Task requirements
Look through the material below. Return exactly the lines from the one with "Nome do produto" through the one with "Louis Vuitton Reverse", both included.

Extracted data
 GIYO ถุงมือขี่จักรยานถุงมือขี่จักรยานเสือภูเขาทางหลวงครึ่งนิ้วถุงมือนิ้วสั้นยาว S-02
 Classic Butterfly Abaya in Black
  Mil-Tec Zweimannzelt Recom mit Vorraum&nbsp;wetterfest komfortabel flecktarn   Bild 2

* * *

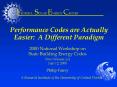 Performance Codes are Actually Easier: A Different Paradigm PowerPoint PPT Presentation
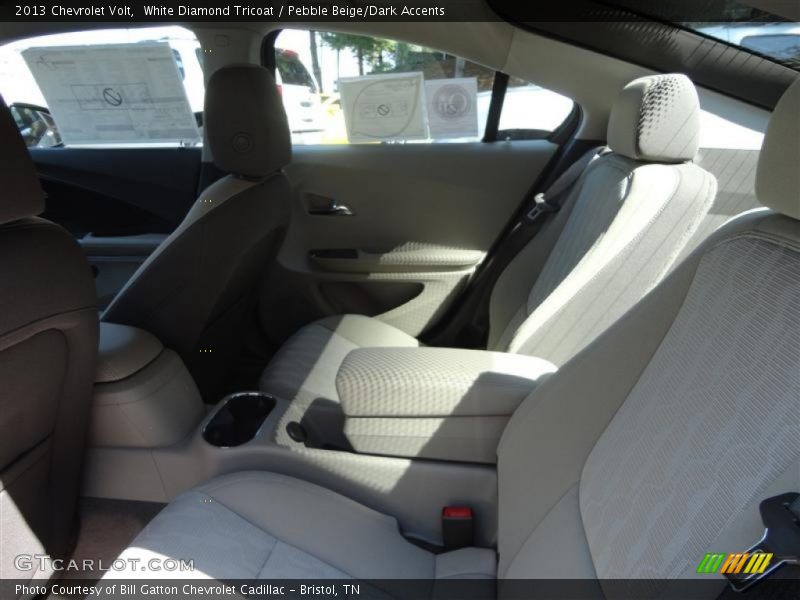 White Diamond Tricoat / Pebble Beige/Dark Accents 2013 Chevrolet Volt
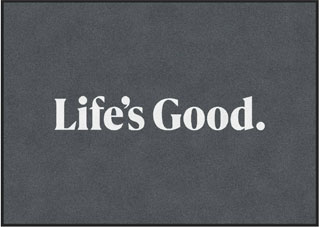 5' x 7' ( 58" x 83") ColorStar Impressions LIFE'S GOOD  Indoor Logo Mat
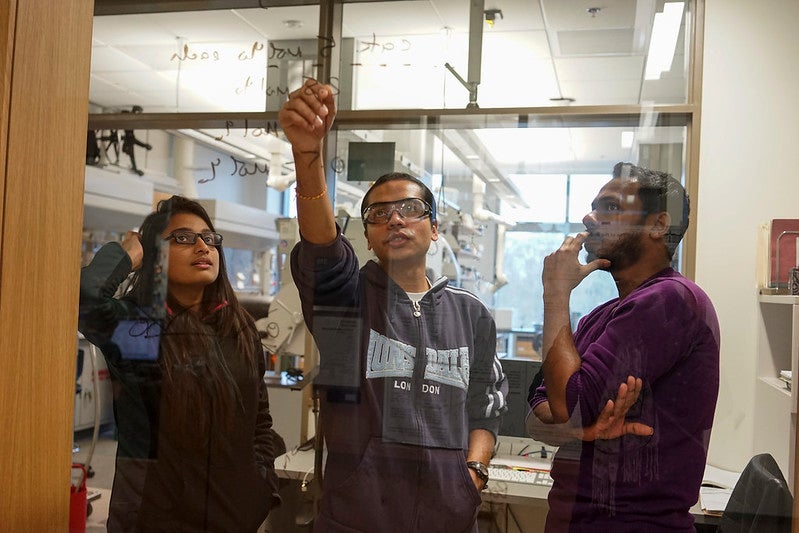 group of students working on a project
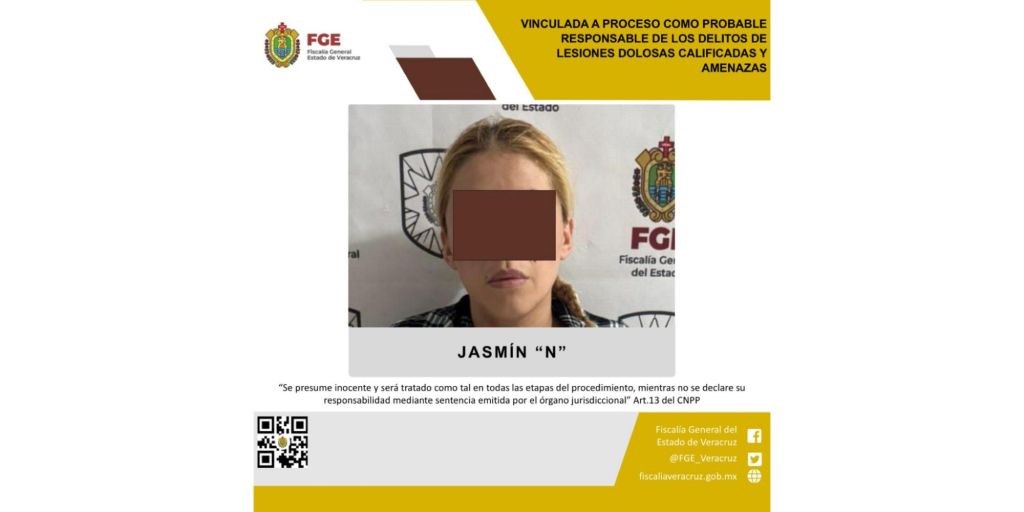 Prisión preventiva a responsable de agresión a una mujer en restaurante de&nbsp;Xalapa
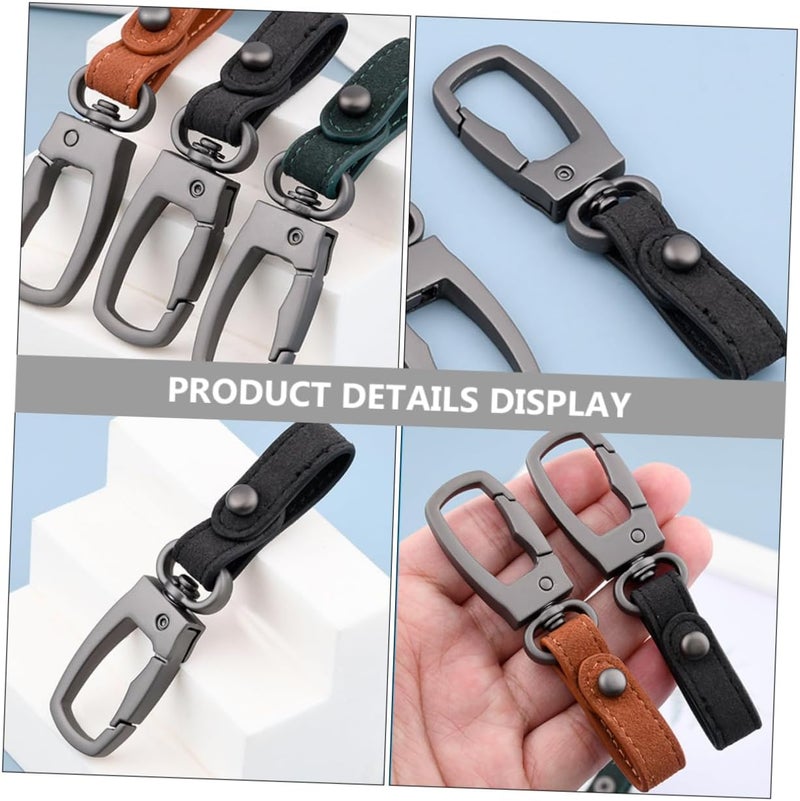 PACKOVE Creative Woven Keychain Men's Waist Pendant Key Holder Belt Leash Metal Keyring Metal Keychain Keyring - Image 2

==

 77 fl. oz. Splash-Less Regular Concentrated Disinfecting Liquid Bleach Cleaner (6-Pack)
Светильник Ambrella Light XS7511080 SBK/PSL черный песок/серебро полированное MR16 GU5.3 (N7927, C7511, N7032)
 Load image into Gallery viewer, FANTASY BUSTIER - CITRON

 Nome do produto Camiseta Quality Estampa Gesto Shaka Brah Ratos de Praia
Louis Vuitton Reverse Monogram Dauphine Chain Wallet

Task response
 Nome do produto Camiseta Quality Estampa Gesto Shaka Brah Ratos de Praia
Louis Vuitton Reverse Monogram Dauphine Chain Wallet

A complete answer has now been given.